A onetime Sports Illustrated publisher, Munro had said he wanted to serve only 10 years as chief executive, and the company spelled out succession plans when the Warner deal was first announced in March 1989.
Munro’s contract at Time Warner entitled him to deferred compensation of nearly $4.3 million if he retired from his posts on or before this May 31.
Nicholas, 50, has been with Time since 1964 and president since 1986.
″The future belongs to him and to Steve and to the remarkable people at Time Warner. I wish you all godspeed,″ Munro told shareholders and others who filled the 1,150-seat Ziegfeld Theater for Tuesday’s 2 1/2 -hour meeting.
Ross, 62, becomes the company’s sole chairman with Munro’s retirement. Plans are for him to share the chief executive’s post for four more years, after which he is expected to leave that job entirely to Nicholas.
Time spurned a $12.2 billion buyout offer from Paramount Communications Inc. last summer and proceeded with a $14 billion purchase of Warner. The deal, completed in January, created a world leader in magazines, books, films, recorded music, TV production and cable TV systems.
Time never allowed shareholders to vote on the Paramount offer, but there were few complaints expressed Tuesday about Time’s tactics.
Shareholders rejected a proposal, which was opposed by management, calling on Time Warner to either redeem or submit to a shareholder vote a key anti- takeover defense known as a poison pill.
William Steiner, who presented the resolution, said Time management had cost its shareholders about $5 billion by rejecting Paramount’s $200-a-share offer without allowing a vote.
About 43 percent of the shares voted in favor of the proposal and 57.8 percent against, the company said.
In trading Tuesday on the New York Stock Exchange, Time Warner stock fell 50 cents a share to $94.
Ross said uncertainty about congressional efforts to impose more regulations on the cable industry had cut the value of Time Warner stock by $2.5 billion to $3 billion. Time Warner is the nation’s second biggest cable TV system operator.
One shareholder asked Ross to explain why he deserved his lucrative benefits package, under which he is entitled to deferred compensation of about $122 million.
Ross said the package mainly reflected stock bonuses and stock appreciation rights he was granted in 1987 at Warner, and noted the company he founded had grown at a remarkable pace in recent years.

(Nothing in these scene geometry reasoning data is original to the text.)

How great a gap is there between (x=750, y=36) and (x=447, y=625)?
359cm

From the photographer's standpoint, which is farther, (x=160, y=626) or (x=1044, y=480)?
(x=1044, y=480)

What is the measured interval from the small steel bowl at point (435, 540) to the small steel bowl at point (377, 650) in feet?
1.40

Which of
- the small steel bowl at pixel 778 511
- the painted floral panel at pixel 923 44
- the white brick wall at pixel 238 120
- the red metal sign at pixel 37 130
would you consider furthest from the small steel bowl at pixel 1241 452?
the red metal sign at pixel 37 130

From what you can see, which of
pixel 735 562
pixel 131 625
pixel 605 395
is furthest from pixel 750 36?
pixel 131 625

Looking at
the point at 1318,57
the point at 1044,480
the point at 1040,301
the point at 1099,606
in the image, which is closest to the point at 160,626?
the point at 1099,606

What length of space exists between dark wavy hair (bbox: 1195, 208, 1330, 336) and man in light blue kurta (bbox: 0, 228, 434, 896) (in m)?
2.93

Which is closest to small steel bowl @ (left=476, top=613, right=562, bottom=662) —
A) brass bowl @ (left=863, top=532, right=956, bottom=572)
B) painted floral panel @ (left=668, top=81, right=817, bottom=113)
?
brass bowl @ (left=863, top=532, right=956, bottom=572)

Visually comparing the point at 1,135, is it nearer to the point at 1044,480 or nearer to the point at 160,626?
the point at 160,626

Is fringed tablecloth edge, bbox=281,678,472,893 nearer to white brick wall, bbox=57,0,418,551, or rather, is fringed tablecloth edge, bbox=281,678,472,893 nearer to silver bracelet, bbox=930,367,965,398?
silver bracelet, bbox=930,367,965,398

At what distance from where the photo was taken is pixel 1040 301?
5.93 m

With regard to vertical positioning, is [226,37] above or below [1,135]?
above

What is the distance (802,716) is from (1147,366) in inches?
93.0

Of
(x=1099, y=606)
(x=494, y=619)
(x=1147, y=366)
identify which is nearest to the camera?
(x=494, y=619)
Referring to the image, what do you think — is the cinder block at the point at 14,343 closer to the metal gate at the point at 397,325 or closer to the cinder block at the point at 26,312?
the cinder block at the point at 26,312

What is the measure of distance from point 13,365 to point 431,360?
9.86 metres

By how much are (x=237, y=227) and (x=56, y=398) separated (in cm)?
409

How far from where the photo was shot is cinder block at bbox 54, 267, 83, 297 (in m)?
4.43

Munro, who will stay on as a Time Warner director and chairman of its executive committee, joined the Time magazine circulation department in 1957.
He became president and chief executive of Time Inc. in 1980, and took on the title of chairman in 1986, passing the president’s job to Nicholas.

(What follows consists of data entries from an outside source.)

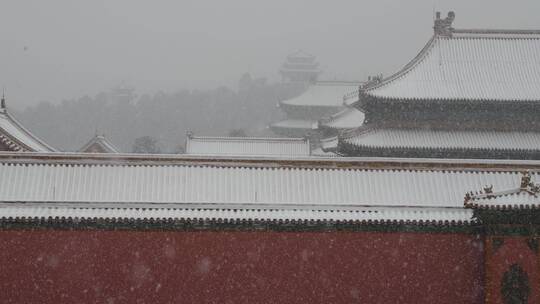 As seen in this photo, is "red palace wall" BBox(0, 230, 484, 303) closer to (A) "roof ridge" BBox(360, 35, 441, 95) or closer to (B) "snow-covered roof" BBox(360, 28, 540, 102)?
(B) "snow-covered roof" BBox(360, 28, 540, 102)

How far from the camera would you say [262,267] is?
1171 centimetres

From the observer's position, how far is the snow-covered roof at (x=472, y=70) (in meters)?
18.9

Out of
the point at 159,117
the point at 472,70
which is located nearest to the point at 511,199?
the point at 472,70

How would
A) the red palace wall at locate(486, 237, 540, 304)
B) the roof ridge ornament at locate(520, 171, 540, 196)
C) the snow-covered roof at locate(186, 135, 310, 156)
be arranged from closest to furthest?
the roof ridge ornament at locate(520, 171, 540, 196) < the red palace wall at locate(486, 237, 540, 304) < the snow-covered roof at locate(186, 135, 310, 156)

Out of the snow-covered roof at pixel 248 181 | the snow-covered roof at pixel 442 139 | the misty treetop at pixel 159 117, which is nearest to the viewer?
the snow-covered roof at pixel 248 181

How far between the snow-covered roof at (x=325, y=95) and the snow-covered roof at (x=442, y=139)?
25.9 m

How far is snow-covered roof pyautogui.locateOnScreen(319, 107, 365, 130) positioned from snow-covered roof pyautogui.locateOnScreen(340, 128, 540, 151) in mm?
7162

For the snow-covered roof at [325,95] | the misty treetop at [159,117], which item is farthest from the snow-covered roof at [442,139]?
the misty treetop at [159,117]

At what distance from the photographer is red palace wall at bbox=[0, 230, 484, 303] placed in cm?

Munro defended the decision to combine with Warner rather than take the Paramount offer, saying the new company offered a potential ″long-term return on investments that would far outstrip any single short-term gain the sale or breakup of Time might bring.″
Time Warner lost $256 million on revenue of $10.8 billion last year, mainly because of costs associated with its purchase of a majority stake in Warner. Nicholas said a top priority is reducing the company’s $10.8 billion debt.